Wednesday, February 09, 2005

But are you sure you need scripting?

People often start using JVM scripting, as I did, to accelerate the development cycle. To be able to shorten the waiting time between coding a change and being able to test that change. This waiting time, which was traditionally used to build the project and run the resulting application, tends to become a quite significant part of the code-test-code-test cycle in the later stages of a project's development, often becoming even quite larger than the coding time itself.

But tradition is not what it used to be....

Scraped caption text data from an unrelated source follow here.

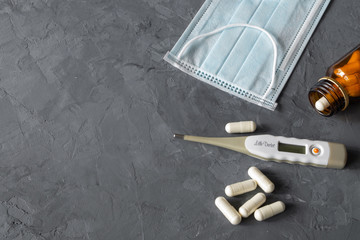 On the rough gray surface are a medical mask, digital termometr and a bottle of brown glass with pills poured out of it. COVID-19 concept. Horizontal orientation, selective focus, copy space.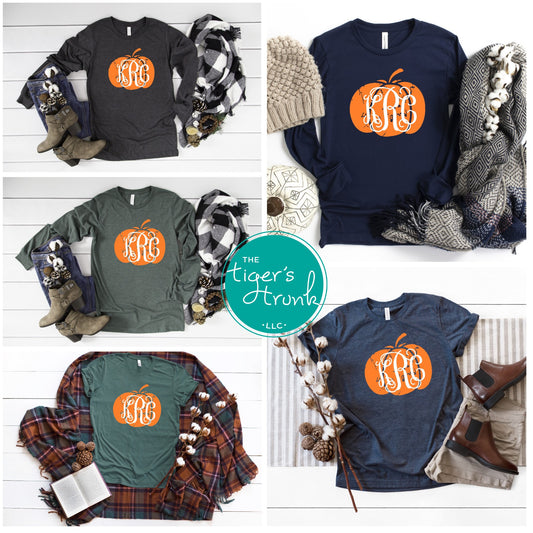 A collage of four images featuring a fall-themed shirt with a pumpkin-shaped monogram, available in both green and navy colors. The shirt is presented in different styles, some with long sleeves and others with short sleeves, all laid out with accessories and a book in the background.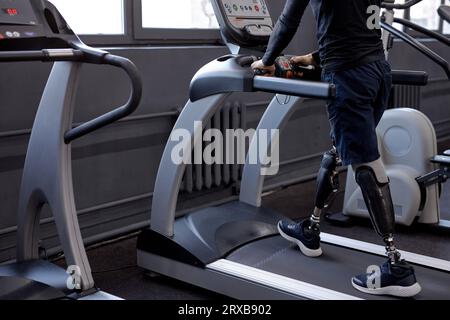 giovane persona disabile che fa un efficiente allenamento aerobico. concentrarsi sulle protesi delle gambe Foto Stock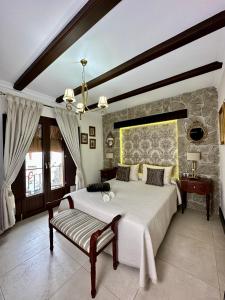 - une chambre avec un grand lit et un mur en pierre dans l'établissement Hotel Boutique Casa Veracruz, à Estepona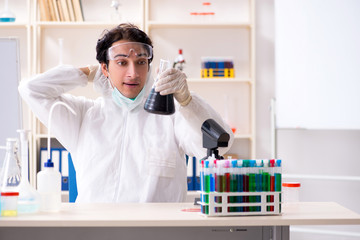 Young handsome chemist working in the lab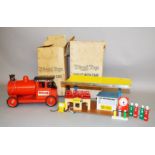 A boxed Tri-ang Pressed Steel 'Baby Puff Puff Engine' in red/black with red metal wheels and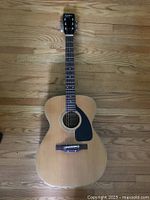 Full front view of natural wood finish acoustic guitar with black pickguard and six strings.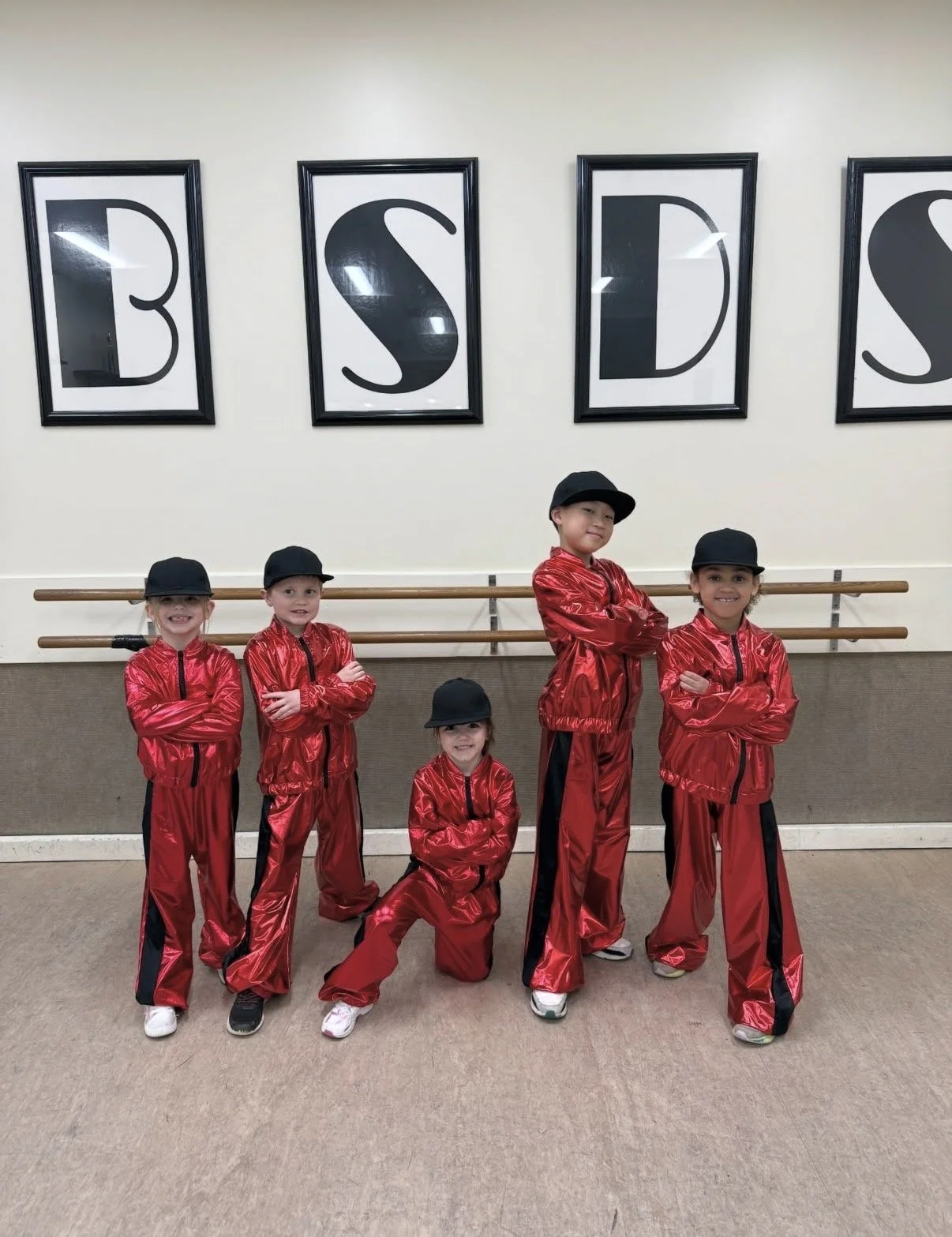 Hip hop dancers posing together in the classroom after receiving their recital costumes at Backstage Dance Studio.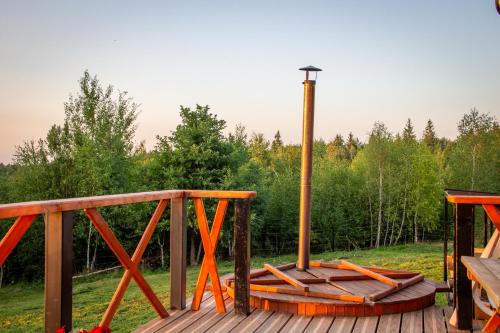 a wooden bridge with a light on top of it at Cabana Foxes' Shelter din Beliș, Apuseni in Călăţele
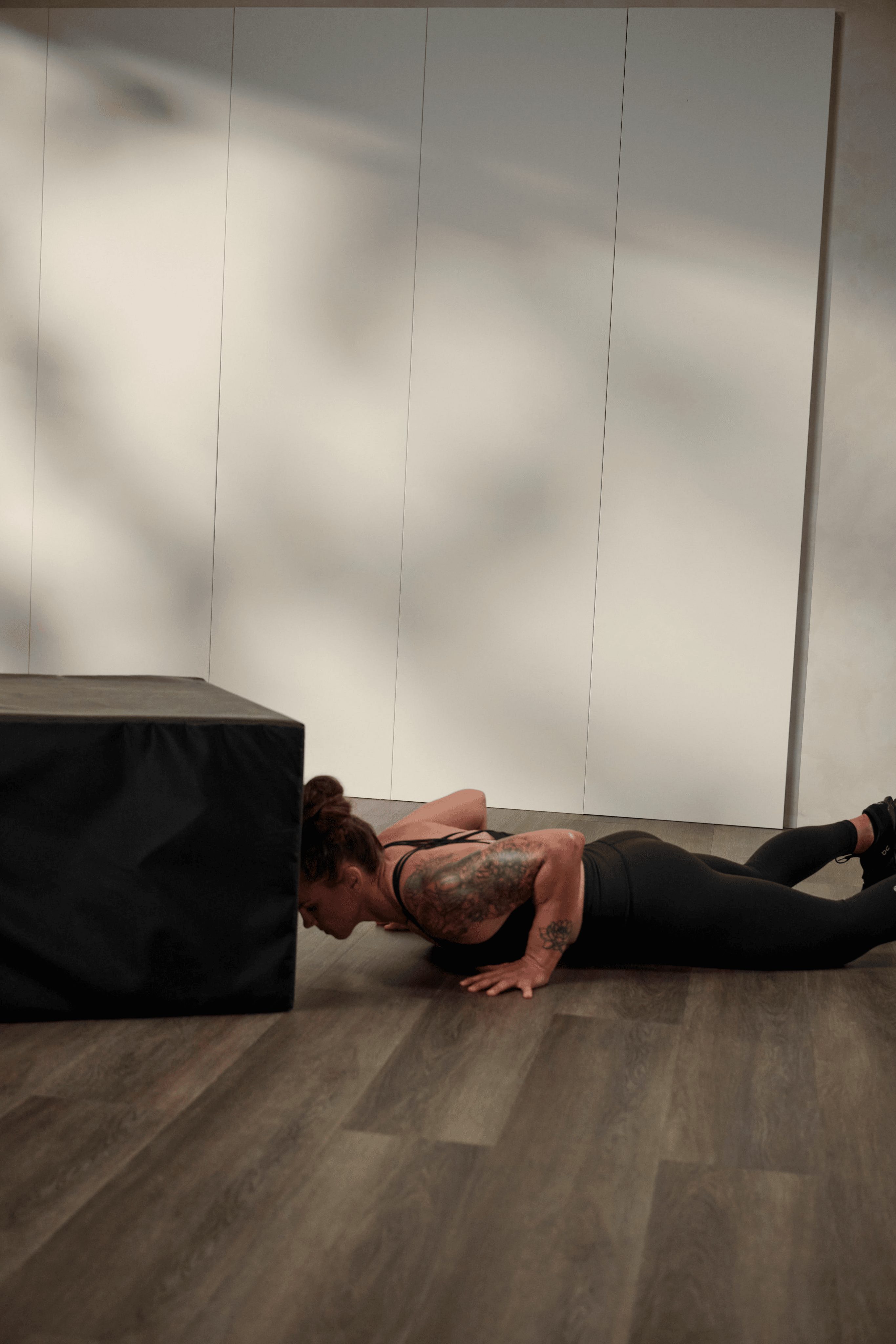 a woman doing a burpee and box jump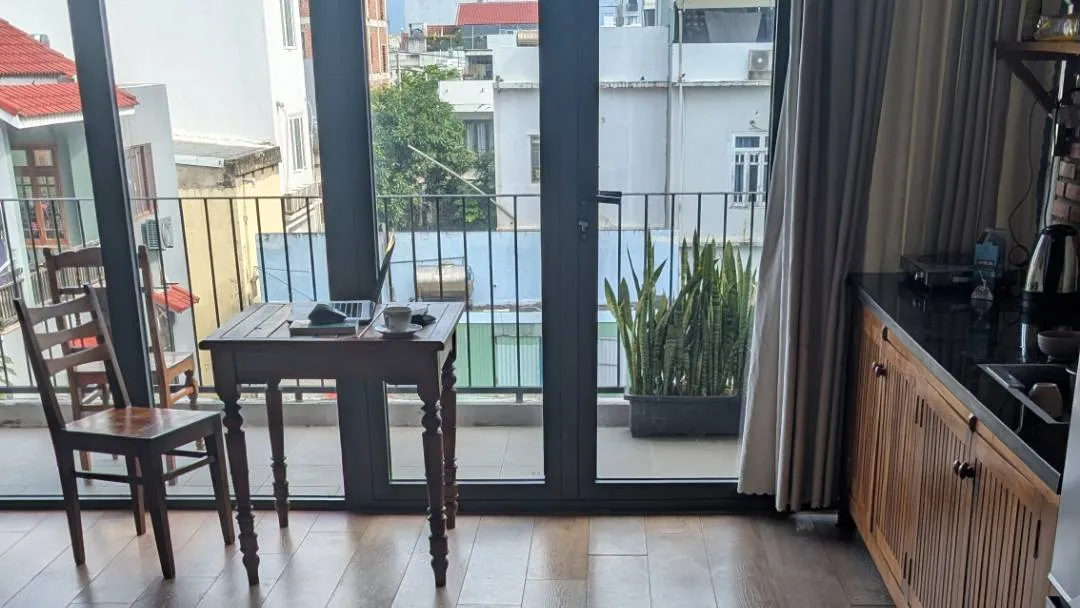 A laptop on a table by a window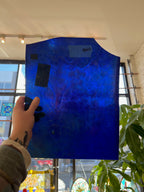 Blue textured piece of glass held by a person indoors with windows and plants in the background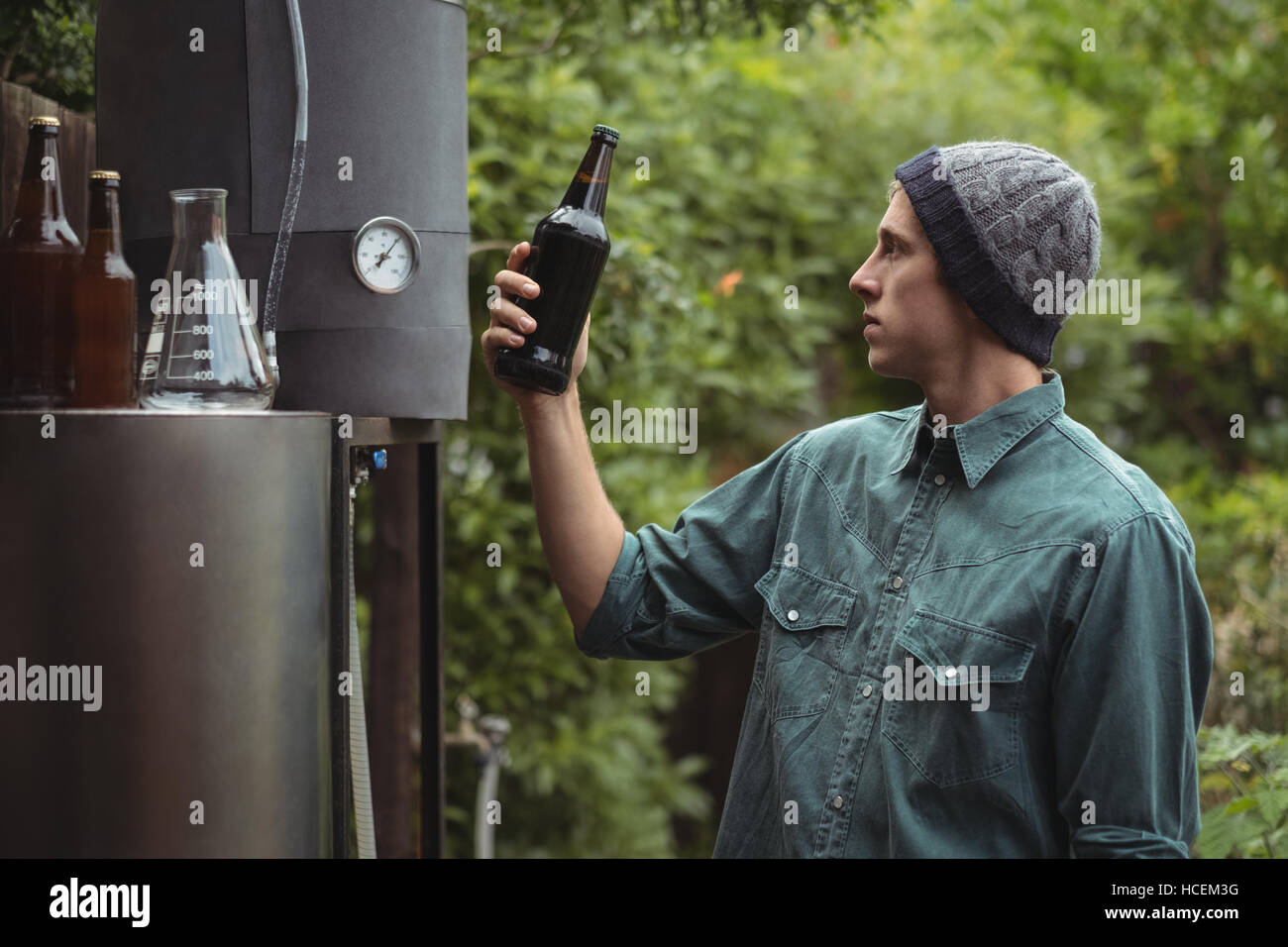 Man holding beer bottle while making beer Stock Photo
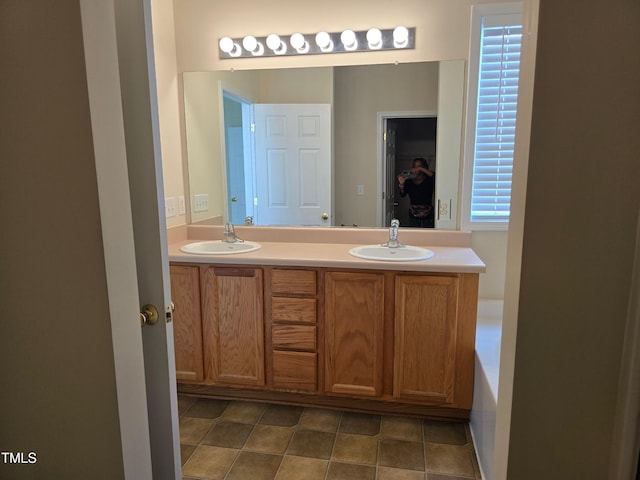bathroom with double vanity and tile patterned floors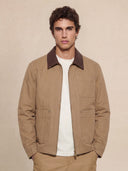 Man wearing the VAËL Cadré canvas workwear jacket with leather collar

From my recent experience developing Servlet based stuff with Eclipse + Tomcat, I am sure there are better ways to accelerate the development cycle than scripting. (And this does not necessarily mean that I am building a webpage per Servlet...)

Remember that Eclipse keeps (if you let it) compiling the code on the background while you do your code editing. So, switching on Servlet reloading, you can use the excellent coding productivity of Eclipse and check the result of recent changes really fast. It gets even better with smaller changes when running Tomcat from Eclipse (Sysdeo), thanks to Java's Hotswap, which Eclipse automatically uses to replace a modified class in memory and on the fly.

Moreover, when you think about it, a JVM based script (Pnuts, Rhino, whatever) compiled to memory lives in a class, which can usually be replaced in memory when the script's source file is modified. Why can't we do the same thing in Java???

Well, we can... but we have to be careful. A script can be reloaded because (or, more exactly, "when"):
  • its compiled class version is only exposed to the other objects in the JVM via a well defined and stable interface;
  • and the other objects always instantiate it "by name" (from the run-time / reloading mechanism), instead of holding a direct reference to the script's class instance.
Well, this sounds like something quite easy to implement in Java using a bit of ClassLoader magic.

In the typical worthwhile scenario where your application runs using a large stable framework that keeps calling your code (yeah, IOC, of course...), all that code of yours can be isolated with its changes managed by the framework trough the use of a custom ClassLoader.

This applies to both Web Applications (your classes might be page renderers / request handlers in a MegaServlet like Cocoon), Swing Applications (your code being form renderers / handlers, business logic), whatever. And your code can be divided in isolated - and separatedly (re)loaded - modules too.

So, for a code-test development cycle, you would star your application in "reload-changes" mode and keep editing your reloadable Java stuff with Eclipse. Eclipse just had to be set to output the compiled code to the application's reloadable classes directory.

Ok, you can not use this technique for everything, but one thing is for sure:
  • If you can do it with JVM Scripting, you can doit with the reloadable Java approach described here.